Nocturnal Reader’s Box (NRB), a “subscription box service shipping horror-themed books and merchandise for the price of $35 per month,” shut down in September. According to Bleeding Cool, the service run by the husband and wife team of Jessica and Vincent Guerrero was the “subject of numerous complaints about late or nonexistent shipping, changes to the company’s terms of service, missing or different-than-advertised items, and purportedly non-existent tracking numbers.”

The website for NRB currently states that “We’re temporarily closed!” Despite this, people online are alleging that NRB is still charging credit cards and that automatic renewal charges are still going through….

(13) VIEWED FROM THE INSIDE. Joseph Bentz answers the question “Why Is Writing So Hard?” — but as many books as he has out, you’d never suspect he had reason to ask!

Why do you need all those writers conferences to commiserate and moan about an activity—writing—that you supposedly love?

It’s a fair point, and yet, writers are very familiar with all those agonizing hours we spend squirming, staring at walls, searching for words, deleting words, and writing through drafts that won’t quite come together.
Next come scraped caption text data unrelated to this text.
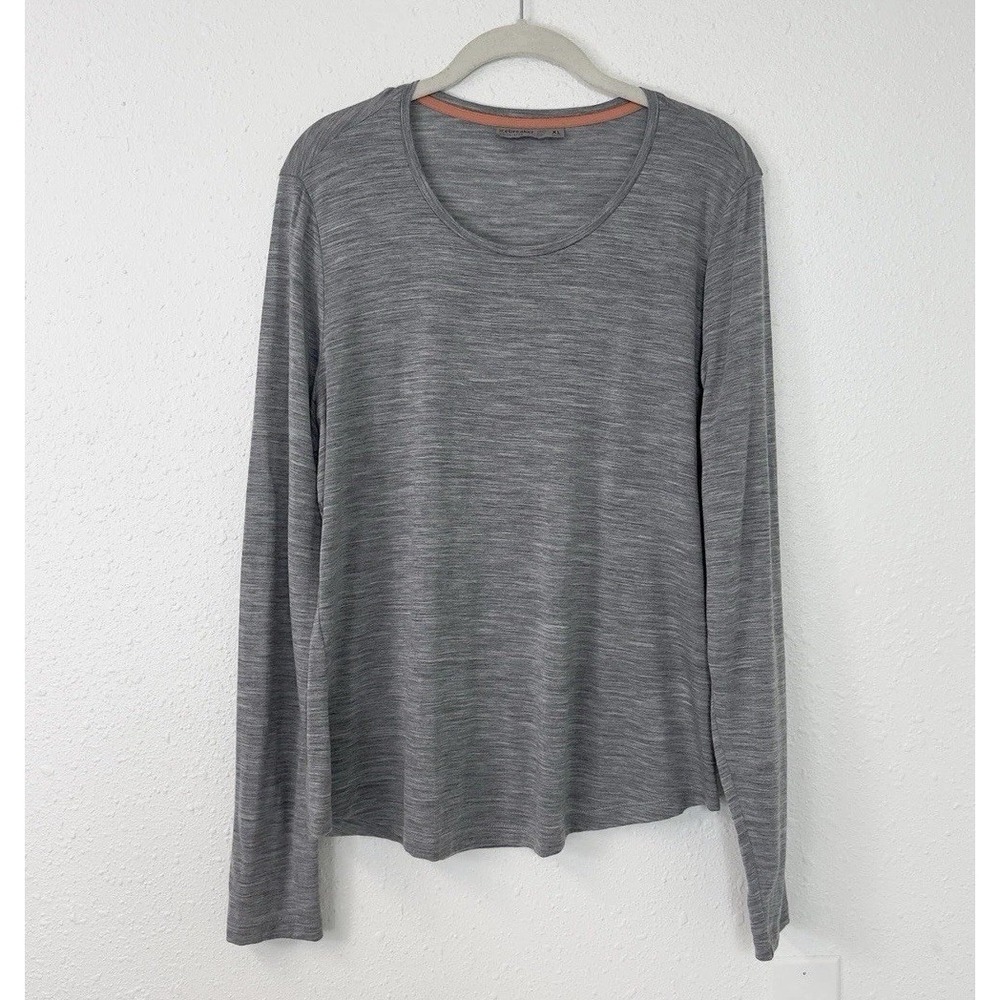 Icebreaker Women's XL Cool-Lite Long Sleeve Shirt Gray Wool Blend Lightweight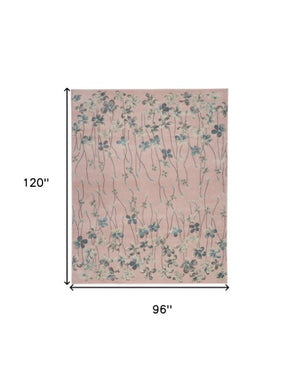 Homeroots 8' Floral Area Rug In Pink, Gray & Blue – Stain Resistant, Durable, Ideal For Kids & Pets, 96" X 120" 8' X 10' Polypropylene 551241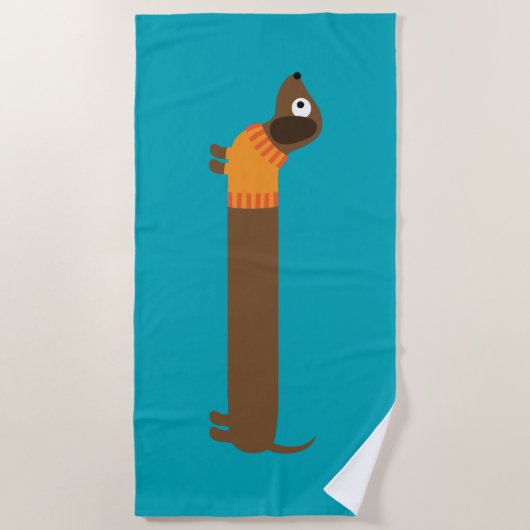 Cute Long Dachshund Illustratie Strandlaken (Voorkant)
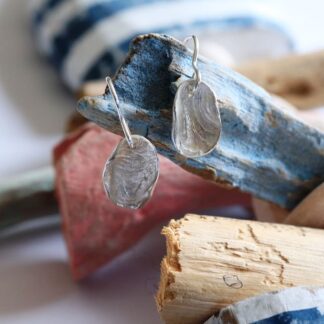 Recycled silver textured curved drop earrings
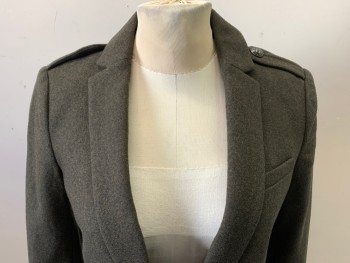 Womens, Blazer, BANANA REPUBLIC, Olive Green, Wool, Solid, 0, 1 Button, Epaulets, 3 Pockets, 2 with Pocket Flaps and Buttons,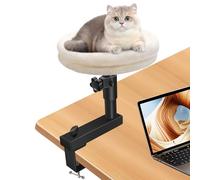 Anglekai Cat Bed Desk, 10-15’’ Adjustable Cat Bed Desk Clamp Mounted Desktop, Rotatable Pet Nest Desktop for Office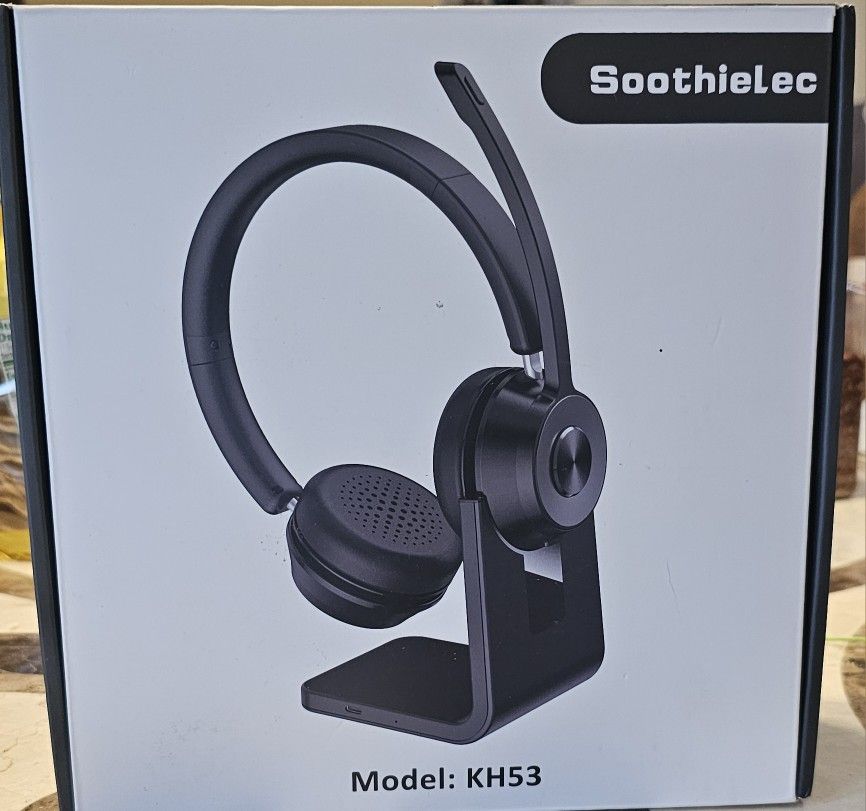 Soothielec Wireless Headset, Bluetooth Headset with Noise Cancelling Microphone, Best Headphones with Mic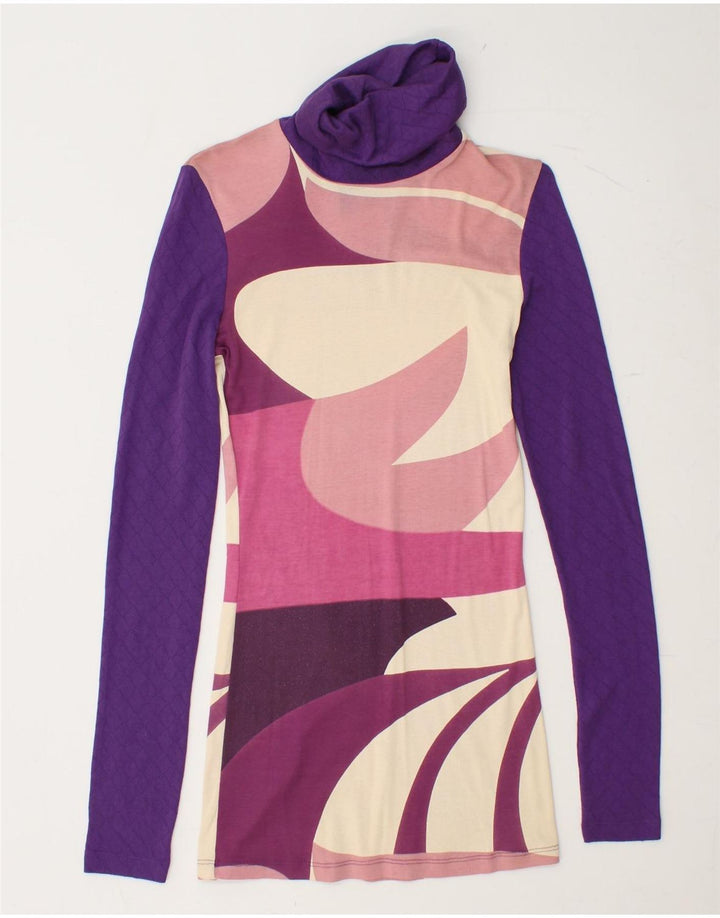 CUSTO BARCELONA Womens Abstract Pattern Jumper Dress Size 3 Medium Purple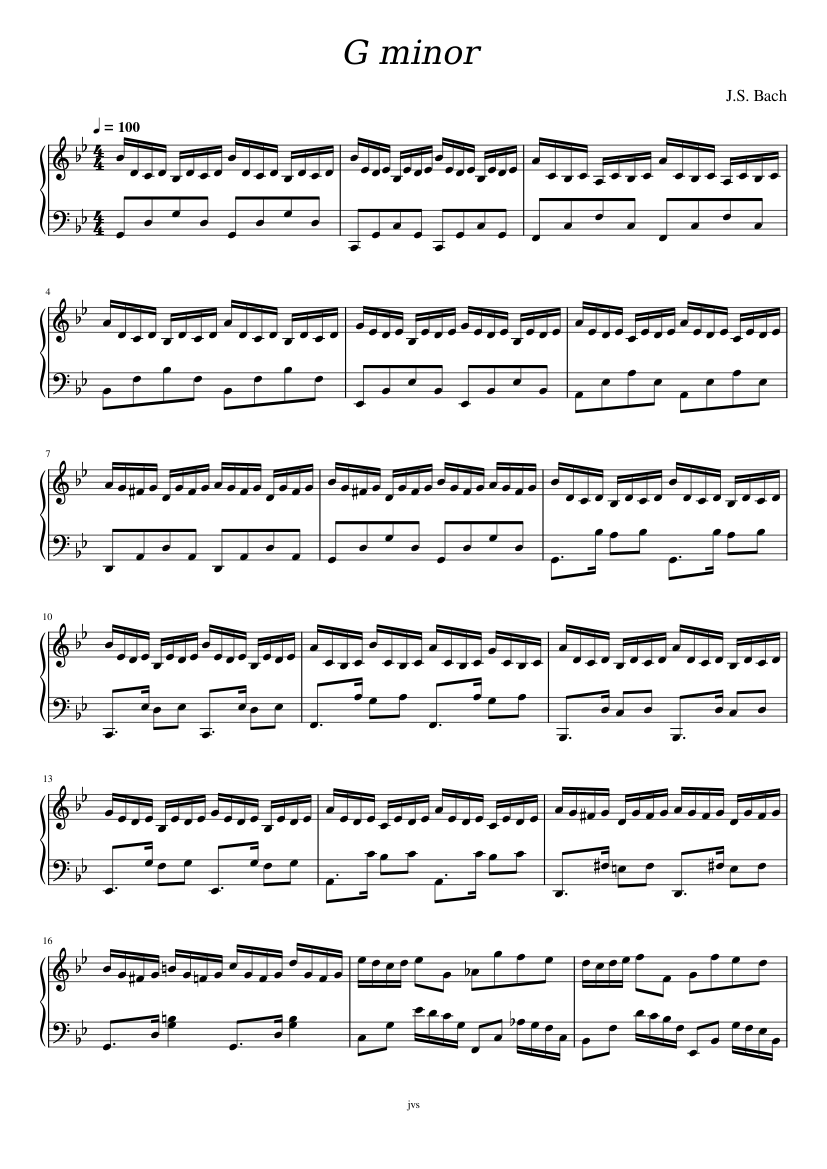 G Minor Bach Sheet music for Piano (Solo) | Musescore.com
Why such struggle?

I finally figured out why writing is so hard….

(14) FRANCOFILE. Adweek devotes an article to French company Cdiscount’s ad campaign — “These Outlandish Aliens Getting Ecommerce Deals Is the Spaciest of Oddities” – unfortunately, registration is required to read it.

The animated space creatures featured in Cdiscount’s latest campaign are absolutely over the moon about the French ecommerce site.

Thanks to YouTube you can see the ad – and if you speak French, even understand it!

(15) LEGACY. Vice’s Motherboard website explains how “How Paul Allen Saved the American Search for Extraterrestrial Intelligence” by donating money to the effort.

On Monday evening, Microsoft co-founder Paul Allen died of non-Hodgkin’s lymphoma at the age of 65. At the time of his death, Allen was the 47th richest person in the world, with a net worth of $26 billion. For the last few decades of his life, Allen used his wealth for a staggering variety of business and philanthropic interests. In addition to owning the Seattle Seahawks and the Portland Trail Blazers, Allen founded a brain science institute, an AI institute, and Stratolaunch Systems, which was exploring private spaceflight.

Yet one of the research areas where Allen made the biggest impact was also the one he spoke about the least: the Search for Extraterrestrial Intelligence (SETI). Indeed, Allen almost single-handedly rescued American SETI by donating over $30 million to scientists scanning the cosmos for intelligent radio signals.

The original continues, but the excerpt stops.